Work item: Using the entries that follow, write out the line containing "Modern Flat Apartment วัตฟอร์ด ภายนอก รูปภาพ", the line containing "Top-notch Along Canal In Historic Centre", and every line between them, exactly and nothing else.

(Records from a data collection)
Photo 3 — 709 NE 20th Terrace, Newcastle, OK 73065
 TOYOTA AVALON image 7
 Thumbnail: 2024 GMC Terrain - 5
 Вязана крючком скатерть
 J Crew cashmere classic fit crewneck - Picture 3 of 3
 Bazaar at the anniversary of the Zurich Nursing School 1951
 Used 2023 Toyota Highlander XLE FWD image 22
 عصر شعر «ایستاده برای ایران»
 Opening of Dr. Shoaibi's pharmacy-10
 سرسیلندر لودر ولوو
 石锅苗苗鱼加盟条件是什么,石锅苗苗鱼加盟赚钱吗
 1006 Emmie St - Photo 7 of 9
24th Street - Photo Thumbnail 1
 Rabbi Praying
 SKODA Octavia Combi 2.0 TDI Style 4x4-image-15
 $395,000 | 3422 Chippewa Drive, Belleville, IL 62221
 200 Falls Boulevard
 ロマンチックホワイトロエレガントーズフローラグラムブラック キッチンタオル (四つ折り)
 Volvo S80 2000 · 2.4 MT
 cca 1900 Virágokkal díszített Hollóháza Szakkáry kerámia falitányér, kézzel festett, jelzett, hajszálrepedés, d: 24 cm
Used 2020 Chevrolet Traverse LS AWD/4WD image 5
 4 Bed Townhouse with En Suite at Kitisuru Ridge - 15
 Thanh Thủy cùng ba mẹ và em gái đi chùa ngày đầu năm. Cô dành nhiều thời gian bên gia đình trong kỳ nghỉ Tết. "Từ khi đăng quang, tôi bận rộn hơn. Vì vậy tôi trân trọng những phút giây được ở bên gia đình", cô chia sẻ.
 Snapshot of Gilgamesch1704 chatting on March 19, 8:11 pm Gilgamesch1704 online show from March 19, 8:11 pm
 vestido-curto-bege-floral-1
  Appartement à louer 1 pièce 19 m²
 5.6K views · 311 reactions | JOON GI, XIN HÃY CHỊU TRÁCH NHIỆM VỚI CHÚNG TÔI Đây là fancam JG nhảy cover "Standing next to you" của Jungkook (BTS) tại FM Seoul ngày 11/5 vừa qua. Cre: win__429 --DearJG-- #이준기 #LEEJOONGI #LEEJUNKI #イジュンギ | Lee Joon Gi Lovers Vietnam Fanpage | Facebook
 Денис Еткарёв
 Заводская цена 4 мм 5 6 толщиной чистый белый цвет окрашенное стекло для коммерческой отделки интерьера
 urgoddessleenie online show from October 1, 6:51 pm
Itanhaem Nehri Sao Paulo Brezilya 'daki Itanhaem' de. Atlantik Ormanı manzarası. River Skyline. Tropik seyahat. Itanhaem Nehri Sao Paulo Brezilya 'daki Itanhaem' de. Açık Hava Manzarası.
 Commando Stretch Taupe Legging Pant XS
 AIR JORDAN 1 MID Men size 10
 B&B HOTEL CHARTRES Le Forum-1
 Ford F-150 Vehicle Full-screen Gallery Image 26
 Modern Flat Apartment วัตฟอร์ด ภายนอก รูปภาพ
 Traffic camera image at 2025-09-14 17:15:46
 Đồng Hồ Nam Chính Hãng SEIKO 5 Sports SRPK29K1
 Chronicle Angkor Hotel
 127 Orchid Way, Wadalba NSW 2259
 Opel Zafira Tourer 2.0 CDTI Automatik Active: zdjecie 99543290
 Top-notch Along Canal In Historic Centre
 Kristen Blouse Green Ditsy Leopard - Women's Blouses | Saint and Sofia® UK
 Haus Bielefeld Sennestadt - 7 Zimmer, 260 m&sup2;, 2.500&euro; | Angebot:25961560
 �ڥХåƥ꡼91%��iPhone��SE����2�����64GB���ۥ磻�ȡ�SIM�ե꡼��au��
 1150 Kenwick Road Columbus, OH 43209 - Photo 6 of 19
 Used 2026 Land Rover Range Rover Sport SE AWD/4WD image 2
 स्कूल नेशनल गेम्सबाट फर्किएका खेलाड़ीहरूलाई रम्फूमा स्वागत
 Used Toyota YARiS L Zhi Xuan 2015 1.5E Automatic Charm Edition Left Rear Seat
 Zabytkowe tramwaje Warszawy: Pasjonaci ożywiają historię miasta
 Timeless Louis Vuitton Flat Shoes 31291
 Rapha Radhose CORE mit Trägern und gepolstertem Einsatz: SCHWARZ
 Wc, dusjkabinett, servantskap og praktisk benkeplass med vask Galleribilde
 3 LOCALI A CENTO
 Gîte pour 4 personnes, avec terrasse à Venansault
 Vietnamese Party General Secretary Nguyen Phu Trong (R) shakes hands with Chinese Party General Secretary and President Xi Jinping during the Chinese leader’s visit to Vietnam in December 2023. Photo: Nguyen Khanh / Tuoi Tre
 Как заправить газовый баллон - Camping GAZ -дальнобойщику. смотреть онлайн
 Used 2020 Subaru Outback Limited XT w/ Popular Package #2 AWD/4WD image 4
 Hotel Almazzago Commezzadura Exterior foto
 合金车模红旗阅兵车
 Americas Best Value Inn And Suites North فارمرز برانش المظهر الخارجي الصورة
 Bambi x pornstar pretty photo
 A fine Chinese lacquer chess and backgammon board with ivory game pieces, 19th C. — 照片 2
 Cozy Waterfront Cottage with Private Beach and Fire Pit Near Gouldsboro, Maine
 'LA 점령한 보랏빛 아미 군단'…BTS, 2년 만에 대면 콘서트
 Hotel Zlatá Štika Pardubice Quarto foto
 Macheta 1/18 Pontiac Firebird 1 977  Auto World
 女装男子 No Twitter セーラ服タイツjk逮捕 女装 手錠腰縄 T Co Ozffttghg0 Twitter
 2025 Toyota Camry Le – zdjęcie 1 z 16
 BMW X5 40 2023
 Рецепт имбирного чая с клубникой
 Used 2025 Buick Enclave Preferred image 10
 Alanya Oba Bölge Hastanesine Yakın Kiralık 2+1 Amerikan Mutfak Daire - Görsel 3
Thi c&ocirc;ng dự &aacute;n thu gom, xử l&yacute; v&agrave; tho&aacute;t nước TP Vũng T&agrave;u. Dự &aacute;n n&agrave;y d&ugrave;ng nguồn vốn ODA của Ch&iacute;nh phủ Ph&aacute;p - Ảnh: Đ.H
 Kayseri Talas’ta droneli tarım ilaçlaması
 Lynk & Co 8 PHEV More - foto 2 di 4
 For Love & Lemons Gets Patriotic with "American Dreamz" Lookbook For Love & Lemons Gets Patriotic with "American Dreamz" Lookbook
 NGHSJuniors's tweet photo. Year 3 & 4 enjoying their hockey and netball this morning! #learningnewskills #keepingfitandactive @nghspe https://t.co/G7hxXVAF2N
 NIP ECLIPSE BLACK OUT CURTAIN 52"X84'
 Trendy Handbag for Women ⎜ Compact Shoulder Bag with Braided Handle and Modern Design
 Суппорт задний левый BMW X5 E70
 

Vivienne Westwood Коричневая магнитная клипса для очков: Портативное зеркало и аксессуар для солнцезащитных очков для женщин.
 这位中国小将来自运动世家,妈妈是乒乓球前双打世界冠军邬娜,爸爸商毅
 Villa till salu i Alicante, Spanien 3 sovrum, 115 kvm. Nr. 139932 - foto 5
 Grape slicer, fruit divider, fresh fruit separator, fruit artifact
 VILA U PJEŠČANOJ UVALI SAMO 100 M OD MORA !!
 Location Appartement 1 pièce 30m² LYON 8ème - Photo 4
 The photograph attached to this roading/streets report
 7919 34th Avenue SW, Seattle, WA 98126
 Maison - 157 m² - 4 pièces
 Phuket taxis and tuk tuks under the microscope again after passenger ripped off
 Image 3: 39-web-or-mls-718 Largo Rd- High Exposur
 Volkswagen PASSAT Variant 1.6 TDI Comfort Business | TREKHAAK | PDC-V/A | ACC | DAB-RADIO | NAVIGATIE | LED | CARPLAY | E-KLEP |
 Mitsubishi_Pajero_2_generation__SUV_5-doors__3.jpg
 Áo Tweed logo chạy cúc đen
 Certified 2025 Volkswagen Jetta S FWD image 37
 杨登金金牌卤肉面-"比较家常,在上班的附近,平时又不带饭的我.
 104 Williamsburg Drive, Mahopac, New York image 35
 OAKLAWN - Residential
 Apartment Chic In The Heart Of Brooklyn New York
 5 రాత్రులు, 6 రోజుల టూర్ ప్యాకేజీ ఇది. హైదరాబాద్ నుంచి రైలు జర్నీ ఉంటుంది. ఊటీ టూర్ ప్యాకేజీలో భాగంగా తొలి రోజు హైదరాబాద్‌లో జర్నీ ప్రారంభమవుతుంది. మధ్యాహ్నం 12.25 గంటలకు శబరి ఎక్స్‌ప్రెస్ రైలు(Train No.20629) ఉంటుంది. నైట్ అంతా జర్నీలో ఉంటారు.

Result:
 Modern Flat Apartment วัตฟอร์ด ภายนอก รูปภาพ
 Traffic camera image at 2025-09-14 17:15:46
 Đồng Hồ Nam Chính Hãng SEIKO 5 Sports SRPK29K1
 Chronicle Angkor Hotel
 127 Orchid Way, Wadalba NSW 2259
 Opel Zafira Tourer 2.0 CDTI Automatik Active: zdjecie 99543290
 Top-notch Along Canal In Historic Centre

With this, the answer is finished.